In the telecommunications/media world millions have “cut the cable,” canceling or not renewing their cable television contract. Instead, they get their news and entertainment over the internet, increasingly using streaming technology, often live. It’s an apt analogy for financial institutions.
In banking, millions of consumers have given up the weekly or even monthly trip to their nearby branch, preferring to use a combination of website or mobile applications — not to mention ATMs — to handle the majority of routine banking needs, and increasingly some less-than-routine needs such as taking out a loan.
For the vast majority of retail banking institutions, this trend is, if not existential, at least extremely important both from the point of view of continued relevance and for its impact on profits and the allocation of capital and other resources.
This is also a trend a long time in the making. But like watching a train approaching from a great distance, it’s suddenly upon you deceptively fast. Just a few statistics bear out that a time of decision over branch strategy is at hand:
In 2019 53% of retail banking customers use mobile banking (J.D. Power). In four years the number of financial institution branches processing fewer than 4,000 transactions a month has risen from 37% to just over half (52%) (Novantas).
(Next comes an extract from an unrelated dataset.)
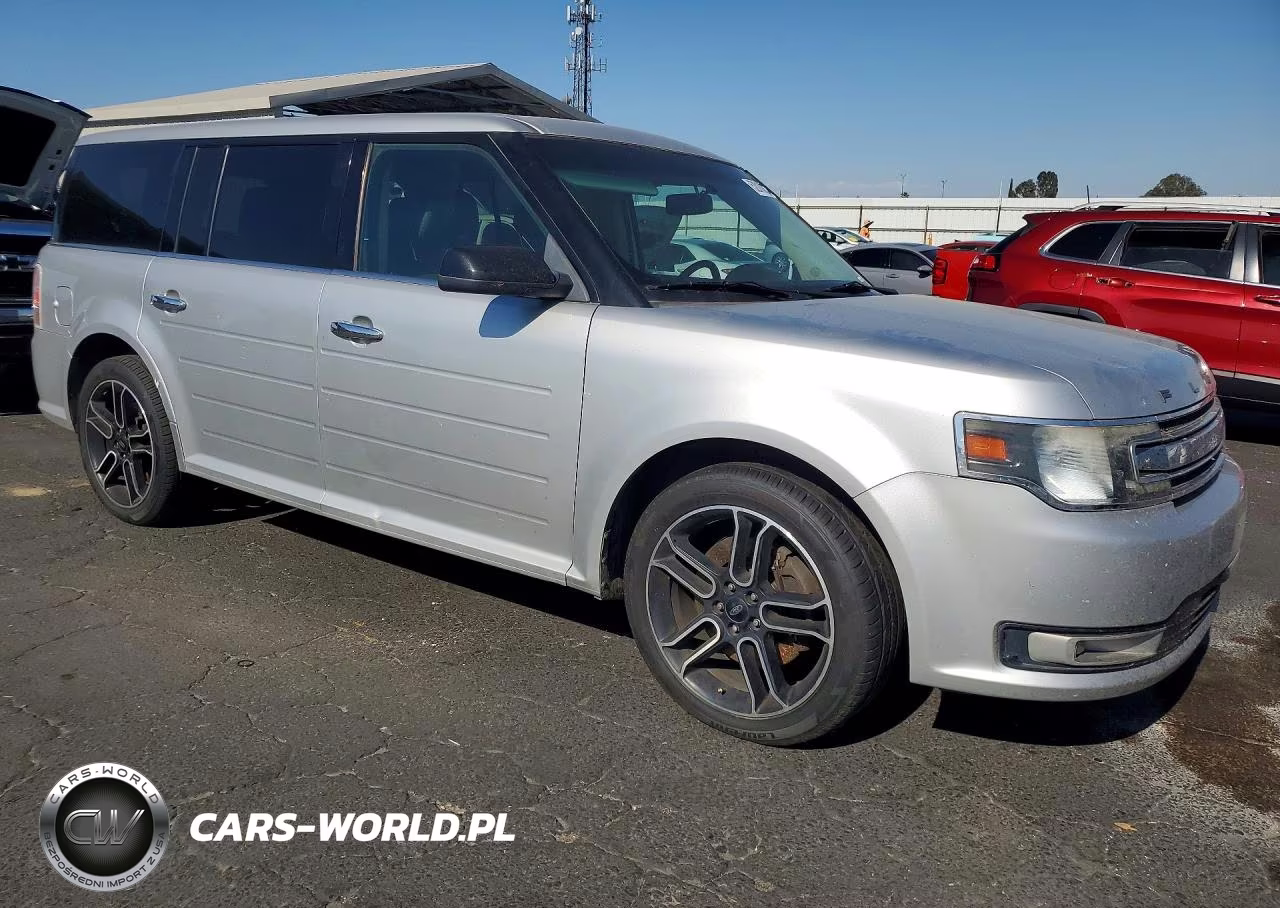 2015 Ford Flex Sel VIN:2FMGK5C84FBA11349 - 4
And more than half (55%) of consumers would prefer to open a new checking account digitally (Novantas).
At the same time, other statistics suggest that in-person branches still drive the most sales and many people still use them.
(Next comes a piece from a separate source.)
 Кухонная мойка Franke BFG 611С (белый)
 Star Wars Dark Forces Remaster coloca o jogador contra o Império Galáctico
Just over seven out of ten (71%) of “banked” consumers still use branches, though they now make half as many branch visits (J.D. Power).
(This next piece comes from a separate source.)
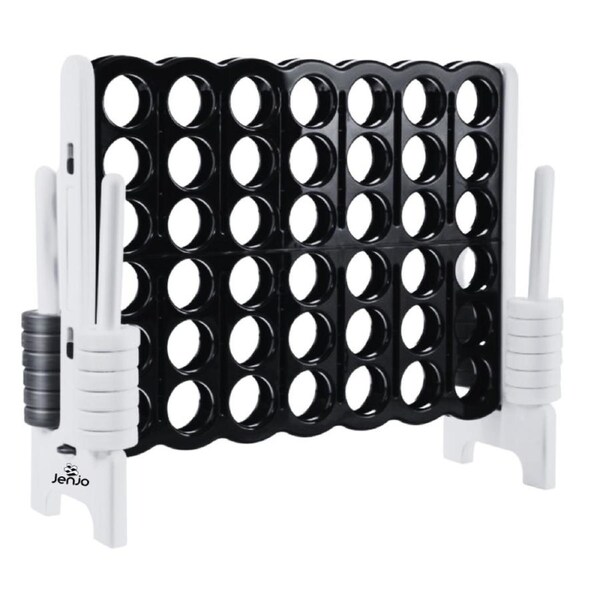 Giant 4 Black and White Four In A Row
Three out of five (60%) retail banking executives say the branch is the leading sales channel — counting account opening, credit cards, insurance, investments, loans (World Branch Report).
One out of five (20%) consumers say the branch is their preferred channel (Mintel).
66% of consumers in the 18 to 34 age range list going into a branch to see a teller as how they interact with their financial institution compared with 72% of the segment who use a mobile banking app (Mercator).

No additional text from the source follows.